* EXERCISE: Leave the pictures out and repeat the rest of the data below exactly.

*** Opening INFORMATION SHOWN ***

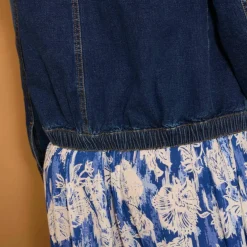 Veste en jean, col montant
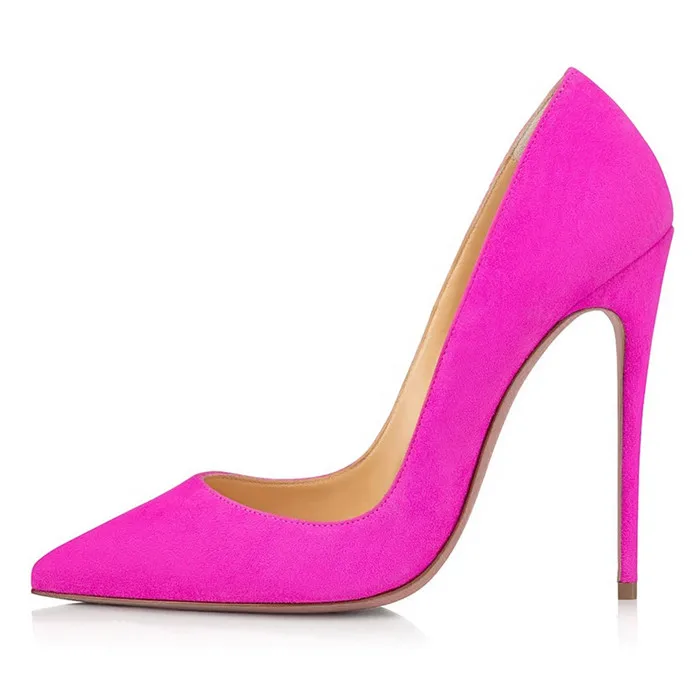 

2021 Factory Direct Sale Women High Quality 12cm Large Size Pointed Toe High Heel Pumps Shoes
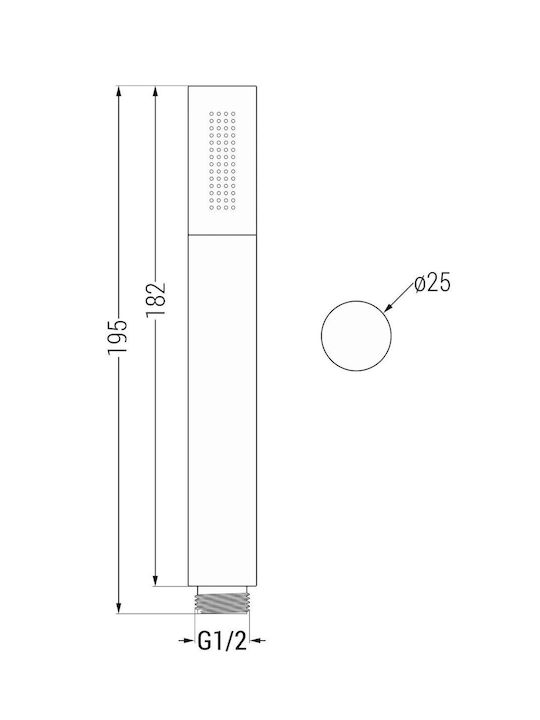 Mexen Built-in Mixer Mouthpiece Telephone & Shower Head Set for Shower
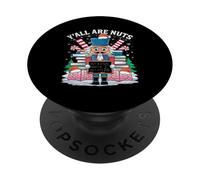Vous Êtes Tous des Noix Casse-Noisette Pyjama De Noël Drôle PopSockets PopGrip Adhésif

*** Closing INFORMATION SHOWN ***

* RESPONSE:
 Veste en jean, col montant

2021 Factory Direct Sale Women High Quality 12cm Large Size Pointed Toe High Heel Pumps Shoes
 Mexen Built-in Mixer Mouthpiece Telephone & Shower Head Set for Shower
Vous Êtes Tous des Noix Casse-Noisette Pyjama De Noël Drôle PopSockets PopGrip Adhésif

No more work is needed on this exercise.